Instructions to follow: Reproduce exactly the lines that run from the start of the records below to the line with "Scrivania da toeletta", inclusive.

###

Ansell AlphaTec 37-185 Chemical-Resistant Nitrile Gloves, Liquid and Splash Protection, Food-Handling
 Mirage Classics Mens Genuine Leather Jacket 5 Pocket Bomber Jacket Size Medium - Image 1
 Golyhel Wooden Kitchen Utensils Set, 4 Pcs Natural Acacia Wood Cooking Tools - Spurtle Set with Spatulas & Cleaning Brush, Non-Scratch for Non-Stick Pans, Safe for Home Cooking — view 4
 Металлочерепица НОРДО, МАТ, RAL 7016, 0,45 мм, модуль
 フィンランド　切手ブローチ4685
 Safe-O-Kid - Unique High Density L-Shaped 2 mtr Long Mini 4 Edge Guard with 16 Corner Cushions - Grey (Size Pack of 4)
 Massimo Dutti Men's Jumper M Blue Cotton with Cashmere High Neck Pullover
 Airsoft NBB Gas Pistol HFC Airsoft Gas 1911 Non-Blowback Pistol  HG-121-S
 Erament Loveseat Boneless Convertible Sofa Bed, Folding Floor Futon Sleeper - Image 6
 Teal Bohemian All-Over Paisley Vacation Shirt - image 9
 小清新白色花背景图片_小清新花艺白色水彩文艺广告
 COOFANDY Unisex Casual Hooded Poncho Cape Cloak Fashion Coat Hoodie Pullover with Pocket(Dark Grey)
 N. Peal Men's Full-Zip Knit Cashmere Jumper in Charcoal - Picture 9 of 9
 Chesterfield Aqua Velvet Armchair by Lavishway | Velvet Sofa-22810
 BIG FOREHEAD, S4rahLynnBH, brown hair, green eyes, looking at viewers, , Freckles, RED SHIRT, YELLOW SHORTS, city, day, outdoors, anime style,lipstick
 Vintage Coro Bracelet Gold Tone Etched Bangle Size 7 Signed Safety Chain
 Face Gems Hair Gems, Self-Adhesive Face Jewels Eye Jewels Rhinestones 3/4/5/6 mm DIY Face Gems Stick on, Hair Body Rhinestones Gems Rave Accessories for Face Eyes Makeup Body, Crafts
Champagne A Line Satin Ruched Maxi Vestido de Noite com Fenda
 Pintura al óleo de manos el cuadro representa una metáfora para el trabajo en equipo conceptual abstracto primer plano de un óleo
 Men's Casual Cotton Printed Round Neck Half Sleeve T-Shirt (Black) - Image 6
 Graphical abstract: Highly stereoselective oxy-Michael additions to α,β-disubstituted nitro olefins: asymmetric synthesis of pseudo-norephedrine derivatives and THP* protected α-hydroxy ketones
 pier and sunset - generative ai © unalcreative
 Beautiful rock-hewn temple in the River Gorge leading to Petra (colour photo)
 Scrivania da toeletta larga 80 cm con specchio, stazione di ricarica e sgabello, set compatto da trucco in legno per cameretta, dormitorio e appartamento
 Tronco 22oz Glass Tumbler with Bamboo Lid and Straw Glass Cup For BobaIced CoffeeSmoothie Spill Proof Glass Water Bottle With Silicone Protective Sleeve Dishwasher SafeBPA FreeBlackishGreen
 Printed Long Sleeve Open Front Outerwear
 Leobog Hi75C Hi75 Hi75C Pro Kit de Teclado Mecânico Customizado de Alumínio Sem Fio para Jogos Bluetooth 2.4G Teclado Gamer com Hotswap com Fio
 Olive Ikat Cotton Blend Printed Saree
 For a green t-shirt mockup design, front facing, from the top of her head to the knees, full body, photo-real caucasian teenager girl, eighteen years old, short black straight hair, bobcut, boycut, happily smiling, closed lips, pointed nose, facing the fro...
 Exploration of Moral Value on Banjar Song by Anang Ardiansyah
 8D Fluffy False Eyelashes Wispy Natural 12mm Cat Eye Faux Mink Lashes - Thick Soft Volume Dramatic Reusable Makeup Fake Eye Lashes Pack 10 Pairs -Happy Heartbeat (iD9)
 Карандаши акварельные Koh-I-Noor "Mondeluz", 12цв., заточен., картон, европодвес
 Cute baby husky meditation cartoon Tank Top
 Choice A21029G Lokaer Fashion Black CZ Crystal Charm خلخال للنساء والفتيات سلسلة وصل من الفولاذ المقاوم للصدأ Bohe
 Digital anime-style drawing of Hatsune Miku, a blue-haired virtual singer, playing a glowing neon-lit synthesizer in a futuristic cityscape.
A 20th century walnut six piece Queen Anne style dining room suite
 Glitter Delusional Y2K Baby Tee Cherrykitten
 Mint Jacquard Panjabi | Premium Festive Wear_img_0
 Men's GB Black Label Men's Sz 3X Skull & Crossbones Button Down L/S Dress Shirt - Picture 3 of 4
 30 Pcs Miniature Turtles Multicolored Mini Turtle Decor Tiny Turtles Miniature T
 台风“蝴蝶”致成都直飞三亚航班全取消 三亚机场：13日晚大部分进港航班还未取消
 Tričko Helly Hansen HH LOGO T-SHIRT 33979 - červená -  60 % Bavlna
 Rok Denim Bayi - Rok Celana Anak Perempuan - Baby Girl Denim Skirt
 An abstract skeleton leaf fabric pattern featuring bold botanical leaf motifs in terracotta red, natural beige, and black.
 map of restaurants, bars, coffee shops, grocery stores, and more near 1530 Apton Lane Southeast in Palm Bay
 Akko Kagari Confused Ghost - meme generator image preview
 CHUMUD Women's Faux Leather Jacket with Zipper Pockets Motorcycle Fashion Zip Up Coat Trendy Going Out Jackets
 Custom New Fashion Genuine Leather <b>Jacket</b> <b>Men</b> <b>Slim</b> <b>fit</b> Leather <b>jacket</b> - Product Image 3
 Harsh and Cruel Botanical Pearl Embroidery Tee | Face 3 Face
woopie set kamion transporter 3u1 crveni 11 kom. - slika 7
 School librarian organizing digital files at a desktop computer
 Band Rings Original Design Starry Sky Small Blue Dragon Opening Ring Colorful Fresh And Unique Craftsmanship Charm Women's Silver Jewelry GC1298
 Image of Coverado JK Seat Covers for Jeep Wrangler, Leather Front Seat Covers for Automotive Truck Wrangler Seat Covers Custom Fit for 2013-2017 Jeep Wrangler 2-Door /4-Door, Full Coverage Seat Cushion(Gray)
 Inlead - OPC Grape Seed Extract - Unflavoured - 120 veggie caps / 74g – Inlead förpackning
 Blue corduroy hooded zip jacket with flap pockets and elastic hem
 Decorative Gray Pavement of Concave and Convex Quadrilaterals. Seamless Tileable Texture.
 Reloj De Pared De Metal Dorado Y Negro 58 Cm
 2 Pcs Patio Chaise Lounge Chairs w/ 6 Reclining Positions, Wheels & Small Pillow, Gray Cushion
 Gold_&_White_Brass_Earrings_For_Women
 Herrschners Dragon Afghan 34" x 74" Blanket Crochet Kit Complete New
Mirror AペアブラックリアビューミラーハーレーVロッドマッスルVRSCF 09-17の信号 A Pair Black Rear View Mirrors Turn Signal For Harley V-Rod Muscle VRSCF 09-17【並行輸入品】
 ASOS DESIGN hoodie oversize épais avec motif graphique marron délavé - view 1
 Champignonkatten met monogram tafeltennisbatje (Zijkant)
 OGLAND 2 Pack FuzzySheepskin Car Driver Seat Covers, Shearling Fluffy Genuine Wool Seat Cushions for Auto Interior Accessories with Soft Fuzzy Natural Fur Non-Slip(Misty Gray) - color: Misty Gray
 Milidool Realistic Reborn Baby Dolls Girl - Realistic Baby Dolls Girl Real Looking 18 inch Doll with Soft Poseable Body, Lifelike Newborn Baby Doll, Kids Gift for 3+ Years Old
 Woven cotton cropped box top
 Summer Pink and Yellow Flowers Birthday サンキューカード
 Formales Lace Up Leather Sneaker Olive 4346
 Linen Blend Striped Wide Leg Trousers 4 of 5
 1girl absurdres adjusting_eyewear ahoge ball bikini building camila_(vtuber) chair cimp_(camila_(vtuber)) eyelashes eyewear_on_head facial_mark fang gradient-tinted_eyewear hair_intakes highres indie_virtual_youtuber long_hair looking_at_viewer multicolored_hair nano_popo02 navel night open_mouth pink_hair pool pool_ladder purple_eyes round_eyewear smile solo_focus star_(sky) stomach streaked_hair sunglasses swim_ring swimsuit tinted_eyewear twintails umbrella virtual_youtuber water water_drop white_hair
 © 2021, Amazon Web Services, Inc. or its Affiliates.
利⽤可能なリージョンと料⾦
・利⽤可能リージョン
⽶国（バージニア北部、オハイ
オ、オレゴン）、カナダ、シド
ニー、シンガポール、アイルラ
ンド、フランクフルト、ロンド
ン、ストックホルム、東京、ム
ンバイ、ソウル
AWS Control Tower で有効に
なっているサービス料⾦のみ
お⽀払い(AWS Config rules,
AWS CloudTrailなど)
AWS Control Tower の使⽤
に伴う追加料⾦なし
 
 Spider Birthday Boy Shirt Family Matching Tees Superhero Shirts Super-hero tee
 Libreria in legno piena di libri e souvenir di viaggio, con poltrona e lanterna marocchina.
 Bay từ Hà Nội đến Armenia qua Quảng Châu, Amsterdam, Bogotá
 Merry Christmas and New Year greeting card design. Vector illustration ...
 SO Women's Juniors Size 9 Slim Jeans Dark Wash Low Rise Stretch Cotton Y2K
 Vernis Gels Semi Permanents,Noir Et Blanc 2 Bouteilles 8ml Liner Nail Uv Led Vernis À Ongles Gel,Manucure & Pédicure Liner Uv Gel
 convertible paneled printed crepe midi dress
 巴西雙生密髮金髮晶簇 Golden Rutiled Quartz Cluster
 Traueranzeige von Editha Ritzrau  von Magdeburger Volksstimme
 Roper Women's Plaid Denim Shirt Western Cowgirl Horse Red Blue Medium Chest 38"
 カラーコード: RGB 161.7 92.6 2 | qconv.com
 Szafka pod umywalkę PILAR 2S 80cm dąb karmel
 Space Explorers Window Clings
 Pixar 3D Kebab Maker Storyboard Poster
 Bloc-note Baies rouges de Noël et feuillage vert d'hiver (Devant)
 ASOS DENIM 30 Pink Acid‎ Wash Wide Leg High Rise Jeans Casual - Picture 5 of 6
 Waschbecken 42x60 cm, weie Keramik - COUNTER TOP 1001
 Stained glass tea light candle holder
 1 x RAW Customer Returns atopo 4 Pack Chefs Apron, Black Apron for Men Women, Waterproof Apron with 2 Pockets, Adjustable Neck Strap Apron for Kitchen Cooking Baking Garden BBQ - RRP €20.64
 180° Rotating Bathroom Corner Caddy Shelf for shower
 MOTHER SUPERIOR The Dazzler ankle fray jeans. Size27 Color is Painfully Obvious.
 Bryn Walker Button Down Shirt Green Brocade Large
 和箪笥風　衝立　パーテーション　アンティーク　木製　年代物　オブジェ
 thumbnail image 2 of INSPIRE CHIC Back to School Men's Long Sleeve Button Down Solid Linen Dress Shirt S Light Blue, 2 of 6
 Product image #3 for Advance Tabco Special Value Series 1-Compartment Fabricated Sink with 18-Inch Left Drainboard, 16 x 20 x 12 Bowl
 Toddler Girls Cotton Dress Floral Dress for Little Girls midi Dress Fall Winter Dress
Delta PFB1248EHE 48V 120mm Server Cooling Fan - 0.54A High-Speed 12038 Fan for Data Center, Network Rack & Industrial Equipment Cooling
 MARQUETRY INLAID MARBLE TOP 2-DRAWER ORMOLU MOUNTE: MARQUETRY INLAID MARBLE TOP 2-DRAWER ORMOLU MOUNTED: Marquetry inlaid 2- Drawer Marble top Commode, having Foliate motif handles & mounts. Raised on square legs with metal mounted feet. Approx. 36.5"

###

Response to this exercise:
Ansell AlphaTec 37-185 Chemical-Resistant Nitrile Gloves, Liquid and Splash Protection, Food-Handling
 Mirage Classics Mens Genuine Leather Jacket 5 Pocket Bomber Jacket Size Medium - Image 1
 Golyhel Wooden Kitchen Utensils Set, 4 Pcs Natural Acacia Wood Cooking Tools - Spurtle Set with Spatulas & Cleaning Brush, Non-Scratch for Non-Stick Pans, Safe for Home Cooking — view 4
 Металлочерепица НОРДО, МАТ, RAL 7016, 0,45 мм, модуль
 フィンランド　切手ブローチ4685
 Safe-O-Kid - Unique High Density L-Shaped 2 mtr Long Mini 4 Edge Guard with 16 Corner Cushions - Grey (Size Pack of 4)
 Massimo Dutti Men's Jumper M Blue Cotton with Cashmere High Neck Pullover
 Airsoft NBB Gas Pistol HFC Airsoft Gas 1911 Non-Blowback Pistol  HG-121-S
 Erament Loveseat Boneless Convertible Sofa Bed, Folding Floor Futon Sleeper - Image 6
 Teal Bohemian All-Over Paisley Vacation Shirt - image 9
 小清新白色花背景图片_小清新花艺白色水彩文艺广告
 COOFANDY Unisex Casual Hooded Poncho Cape Cloak Fashion Coat Hoodie Pullover with Pocket(Dark Grey)
 N. Peal Men's Full-Zip Knit Cashmere Jumper in Charcoal - Picture 9 of 9
 Chesterfield Aqua Velvet Armchair by Lavishway | Velvet Sofa-22810
 BIG FOREHEAD, S4rahLynnBH, brown hair, green eyes, looking at viewers, , Freckles, RED SHIRT, YELLOW SHORTS, city, day, outdoors, anime style,lipstick
 Vintage Coro Bracelet Gold Tone Etched Bangle Size 7 Signed Safety Chain
 Face Gems Hair Gems, Self-Adhesive Face Jewels Eye Jewels Rhinestones 3/4/5/6 mm DIY Face Gems Stick on, Hair Body Rhinestones Gems Rave Accessories for Face Eyes Makeup Body, Crafts
Champagne A Line Satin Ruched Maxi Vestido de Noite com Fenda
 Pintura al óleo de manos el cuadro representa una metáfora para el trabajo en equipo conceptual abstracto primer plano de un óleo
 Men's Casual Cotton Printed Round Neck Half Sleeve T-Shirt (Black) - Image 6
 Graphical abstract: Highly stereoselective oxy-Michael additions to α,β-disubstituted nitro olefins: asymmetric synthesis of pseudo-norephedrine derivatives and THP* protected α-hydroxy ketones
 pier and sunset - generative ai © unalcreative
 Beautiful rock-hewn temple in the River Gorge leading to Petra (colour photo)
 Scrivania da toeletta larga 80 cm con specchio, stazione di ricarica e sgabello, set compatto da trucco in legno per cameretta, dormitorio e appartamento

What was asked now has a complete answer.